Yesterday, Ferguson carried his fury and his angst to the three-man commission, which, according to an intense FA briefing, was entirely independent of any pressure from within the game or at the ruling authority's Soho Square offices. Day one had seen United's star lawyer, Ronald Thwaites, launch an attack on testing procedures and the performance of the testers. Nowhere in this was there a glint of a concession that his client had broken a fundamental law of football, and of any sport which is decently regulated.

Ferguson's central point was that his player was being used as a test case, a warning shot against all of the playing population. The image has been of a guileless victim of an ambush. But then wouldn't this be true of any of the leading players who are routinely tested? Nicky Butt, another United player, submitted along with two other team-mates to a test the same day that Ferdinand failed to undergo his. Butt wasn't ambushed - and how did he pull off his salvation? By doing what he was ordered to according to the the rules of the game which gives him such an astonishingly rich living.

You had to ask what Ferguson was really saying. Could it be that football, as represented by a new FA regime, was wrong to strive for new standards of discipline and strict enforcement of drug testing? That had to be the impression as Ferguson talked of Ferdinand not as a miscreant but a victim. But a victim of what, beyond what was, at best, his own stupidity?

Ferguson's club had been angered by the intervention of Sepp Blatter, president of the game's world governing body, Fifa, who had insisted that the FA enforce strong punishment.
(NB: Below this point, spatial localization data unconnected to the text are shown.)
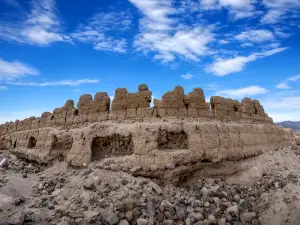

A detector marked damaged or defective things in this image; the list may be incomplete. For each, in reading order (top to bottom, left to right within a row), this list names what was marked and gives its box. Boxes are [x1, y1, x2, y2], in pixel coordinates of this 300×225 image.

cracked wall surface [0, 84, 296, 171]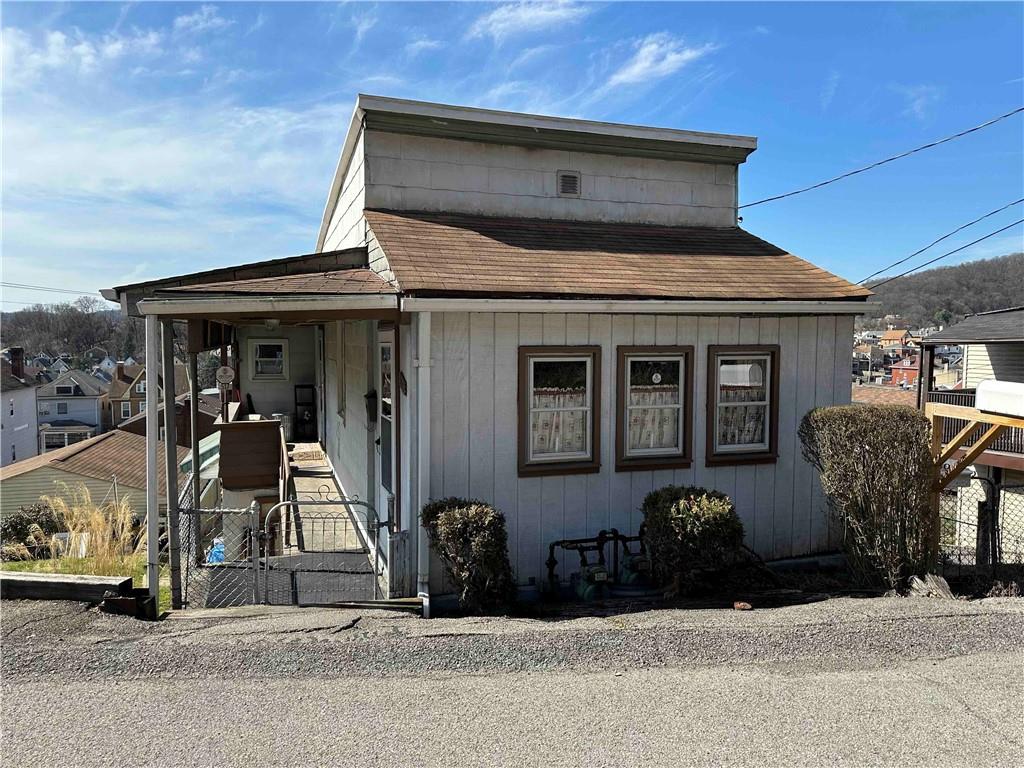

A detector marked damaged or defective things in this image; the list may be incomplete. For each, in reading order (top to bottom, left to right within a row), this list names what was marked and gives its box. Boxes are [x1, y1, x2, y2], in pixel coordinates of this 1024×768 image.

rusty metal roof [364, 211, 868, 305]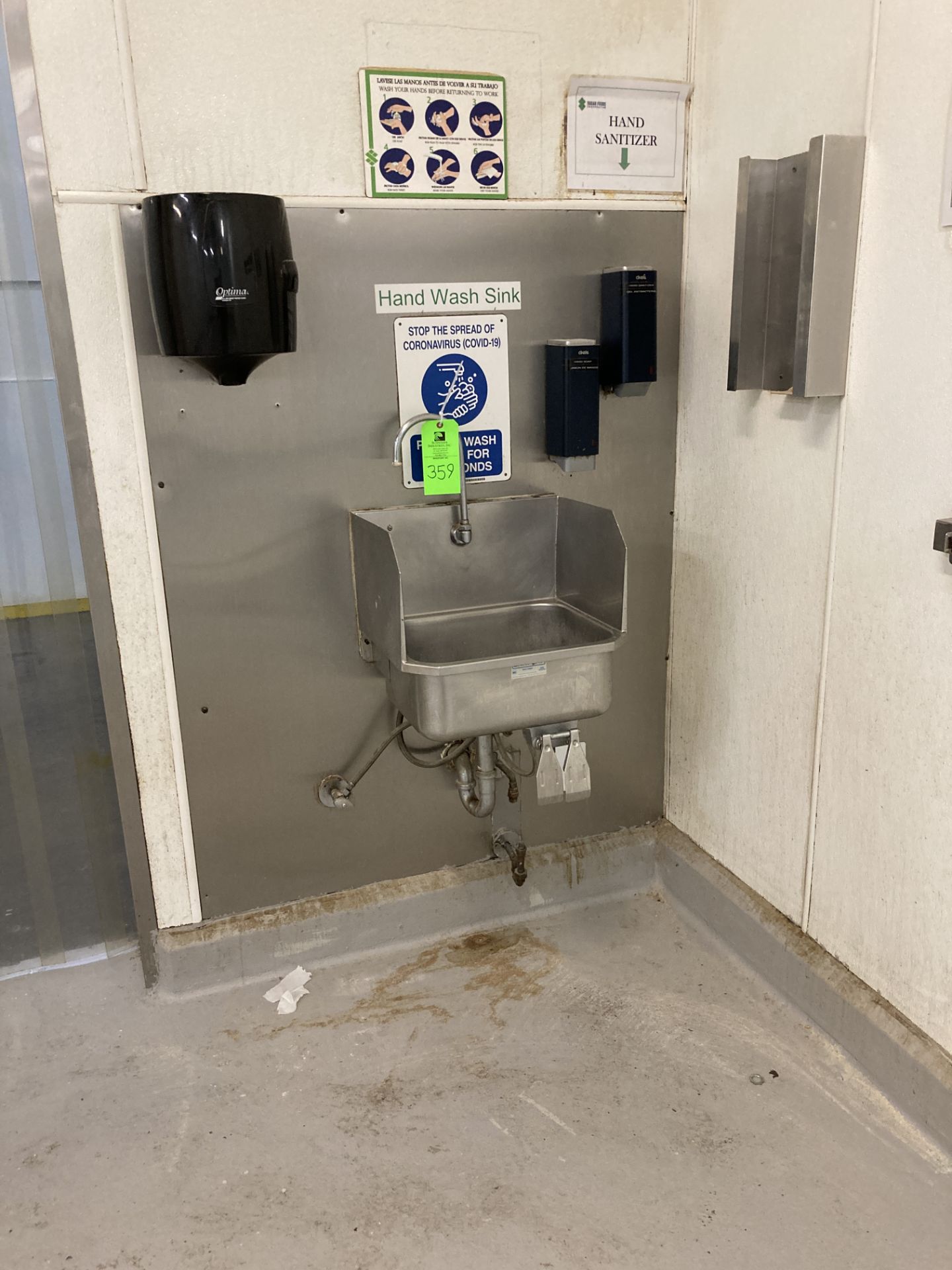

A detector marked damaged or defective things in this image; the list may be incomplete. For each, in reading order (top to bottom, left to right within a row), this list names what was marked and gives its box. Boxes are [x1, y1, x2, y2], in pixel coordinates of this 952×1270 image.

rust stain on floor [257, 929, 563, 1036]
It was hard to categorise Blatter's crime in any other eyes but United's. The club, as they have so often in the past, saw a conspiracy to do down England's most famous team. A little bit more detachment might have shown something else, possibly a concern about the already battered image of football.
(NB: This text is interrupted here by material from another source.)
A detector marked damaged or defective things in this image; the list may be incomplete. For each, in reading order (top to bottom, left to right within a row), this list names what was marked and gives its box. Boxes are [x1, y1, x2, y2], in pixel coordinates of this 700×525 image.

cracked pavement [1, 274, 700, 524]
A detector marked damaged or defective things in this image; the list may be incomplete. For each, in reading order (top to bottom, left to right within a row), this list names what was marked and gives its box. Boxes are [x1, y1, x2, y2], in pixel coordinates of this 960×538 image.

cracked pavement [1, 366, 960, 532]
Taylor and Eriksson formed part of the same pattern of self-interest. Taylor, who did a brilliant job in defining the role of his union when the Premiership was so reluctant to pass on significant support from its latest mega television deal a few years ago, talked, quite irrelevantly, of the principle of innocence until proof of guilt. That simply wasn't the issue. Ferdinand's guilt was on the record. Taylor might have argued for mitigation, for an understanding of an individual's mistake - even how challenging it had been to remember across the span of a few hours that a drug test had to be taken. But what Taylor said was that Ferdinand had become a whipping boy. It was a travesty of the plain truth that his predicament was entirely of the player's own making.

Eriksson has been Eriksson; all things to all men. When the England dressing room toyed with rebellion before the game with Turkey, threatening Eriksson's FA employers that they might withdraw their labour because of the decision to drop Ferdinand until his case was settled, he refused to condemn them. This week he has given evidence of Ferdinand's good character to the commission, so soon after conceding that any player who failed to take a drug test had to be banned from playing. It was the same old business. Eriksson wanted Ferdinand to be available for the European Championship finals in Portugal next summer. Ferguson wanted him at every opportunity.

Lost in the rush of self-interest, of course, was that idea of accountability, of owning up to damaging mistakes, acknowledging that a game without any sense of the difference between right and wrong is well on the way to hell in a handbasket. Of all the lessons imparted by the Ferdinand case, one thing was certain; the least important, though not to be discounted, pointed to the need for greater clarity in the procedures of testing. Most vital was the need for football to develop some understanding of how badly its image has been damaged.

When Ferguson and Taylor and Eriksson went to the Reebok Stadium protecting, more than anything, their own positions, they were confirming the nature of football's current malaise. It is one that during these last few years has manifested itself as a deadly lack of care. In the Ferdinand case we have seen the dire results as we waited, in vain, for someone involved to take his head out of the trough and say that something wider than self-interest was at stake: something like the decency that comes with respect for the rule of law.